Market Overview

Coca-Cola European Partners (CCEP) Capital Markets Day 12 September 2018


CCEP is hosting a capital markets day for institutional investors and
analysts in Wiesbaden, Germany, today and tomorrow. The meeting is
hosted by Chairman Sol Daurella, Chief Executive Officer Damian Gammell
and Chief Financial Officer Nik Jhangiani.

CCEP announces a new share buyback programme of €1.5 billion
alongside an intent to increase the Q4 2018 interim dividend payout
ratio from 45% to 50%. CCEP is also announcing mid-term financial
objectives and revising full year 2018 outlook guidance, as detailed

Damian Gammell, Chief Executive Officer, said:

"Two years ago we created CCEP, now the world's largest independent
Coca-Cola bottler by net revenue. During this time, we have reset the
base for profitable growth, delivered on our merger synergy commitments
while building for the future. CCEP was always about a bigger and bolder
vision beyond the merger. We have the scale, the right operating model
and the right talent. We have a realistic and exciting long-term view of
the growth opportunity in our markets, having mapped out a vision for
the next ten years. We know that winning today allows us to win tomorrow
for all of our stakeholders. So we are investing now in core
capabilities that will support our growth and set us apart to win.

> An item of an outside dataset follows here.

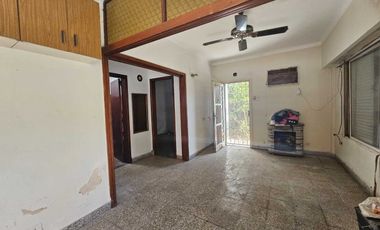 Venta Ph a reciclar en Bernal Centro.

"Shorter term, I am particularly pleased with how our teams across Great
Britain, Germany and Northern Europe have embraced the positive
challenges brought by great weather. The strong performance allows us to
slightly improve our full year outlook, despite softer summer trading in
Spain and France.

"This is further endorsement of the creation of CCEP, which alongside
today announcing annual growth objectives over the mid-term and our
first share buyback programme, collectively demonstrate our ability to
consistently deliver shareholder value as we manage a rich portfolio of



The company has approved a €1.5 billion(1) share buyback
programme to reduce the share capital of the company. The buyback
programme will begin as soon as possible with up to €500 million of
shares repurchased in 2018 subject to trading volumes. The value of the
programme may be adjusted depending on economic, operating, or other
factors, including acquisition opportunities.

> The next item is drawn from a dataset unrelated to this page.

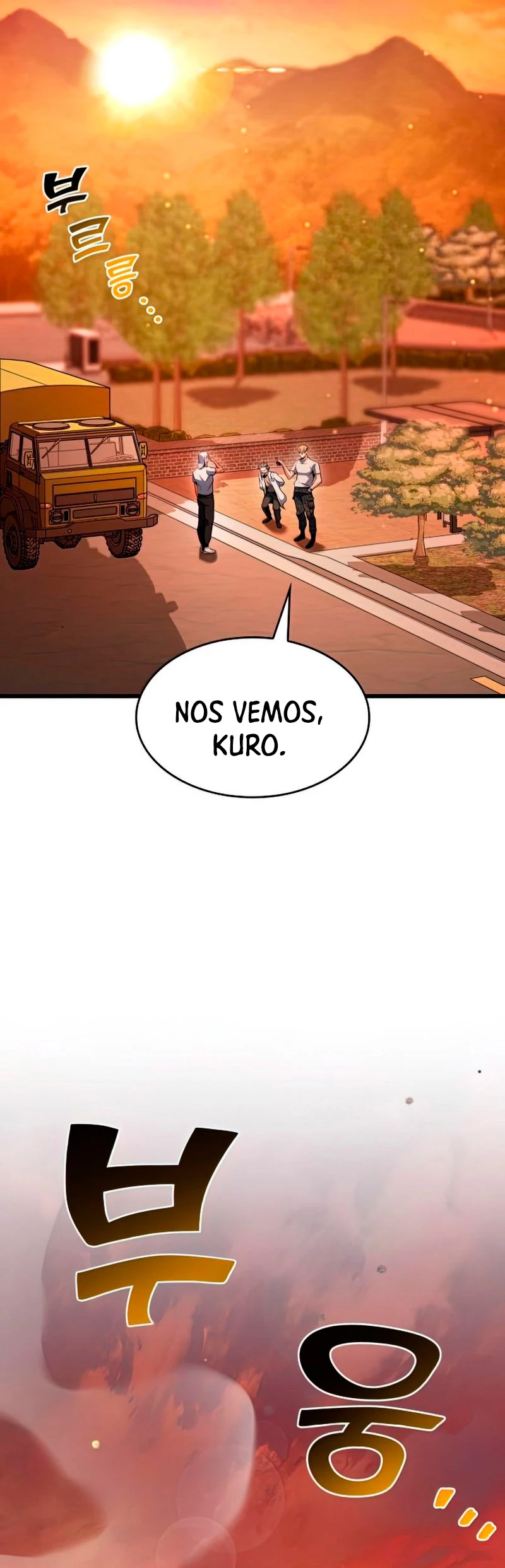 Asesino de Dragones capítulo 25, página 25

The buyback programme will be carried out on the New York Stock Exchange
and Euronext Amsterdam and will be effected within certain pre-set
parameters and in accordance with the general authority to repurchase
shares granted by shareholders at the company's Annual General Meeting
on 31 May 2018. CCEP intends to effect the buyback programme in
accordance with the EU Market Abuse Regulation 596/2014. The maximum
number of ordinary shares authorised for repurchase at the company's
2018 Annual General Meeting is 48,507,819. All shares repurchased as
part of the buyback programme will be cancelled.

Subject to Board approval, the company is also announcing its intention
to increase the Q4 2018 interim dividend payout ratio from 45% to 50%.

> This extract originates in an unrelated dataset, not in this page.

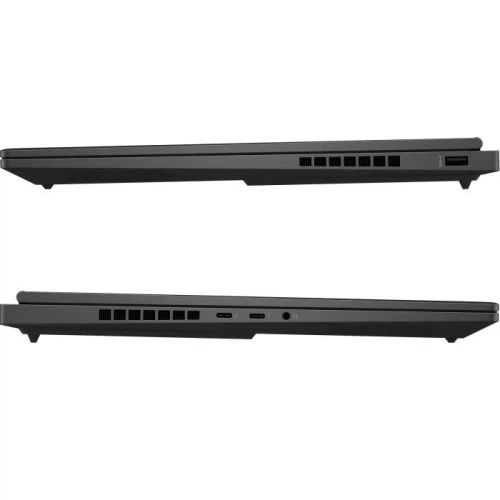 Ноутбук 16" HP OMEN 16-ak0008ua (BV8Y7EA) Black, AI 9 HX 375, 32GB, 1TB, NVD5080-16, DOS - изображение 4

(1) Existing shareholder authority to buy back shares expires at the end
of the 2019 Annual General Meeting or, if earlier, the close of business
on 28 June 2019. The company expects to seek further approval from
shareholders to buy back shares at subsequent Annual General Meetings.


CCEP now expects revenue growth of approximately 2% to 2.5% and
operating profit growth at the top end of the previously stated range of
6% to 7%. Each of these growth figures is on a comparable and FX-neutral
basis when compared to 2017 comparable results. This excludes the impact
of incremental soft drinks industry taxes, which are expected to add
approximately 2% to 2.5% to revenue growth and approximately 3.5% to 4%
to cost of goods growth.

CCEP now expects diluted earnings per share (EPS) growth to be in the
range of 7% to 8%, on a comparable and FX-neutral basis. At recent
rates, currency translation is expected to have a slightly negative
impact on 2018 full-year diluted EPS.

The comparable effective tax rate for 2018 is expected to be
approximately 25%. Weighted average cost of debt is expected to be
approximately 2%.

CCEP remains on track to achieve pre-tax run rate merger synergies of
€315 million to €340 million by mid-2019. Further, CCEP expects to have
realised at least 80% of the target by year-end 2018 and a run rate of
approximately 100%.

CCEP now expects 2018 free cash flow of approximately €1 billion,
including the expected benefit from improved working capital of
approximately €200 million, offset by the impact of restructuring and
integration costs. Capital expenditures are expected to be at the top
end of the previously stated range of €525 million to €575 million,
including approximately €75 million of capital expenditures related to

Restructuring cash costs to achieve the aforementioned merger synergies
are expected to be approximately 2.25 times expected savings and include
cash costs associated with pre-transaction close accruals. Given these
factors, currency exchange rates, our outlook for 2018 and the buyback
of up to €500 million in 2018, CCEP expects year end net debt to
adjusted EBITDA for 2018 to be towards the low-end of our target range
of 2.5 to 3 times. Further, CCEP expects Return on Invested Capital
(ROIC) to improve by approximately 80 basis points.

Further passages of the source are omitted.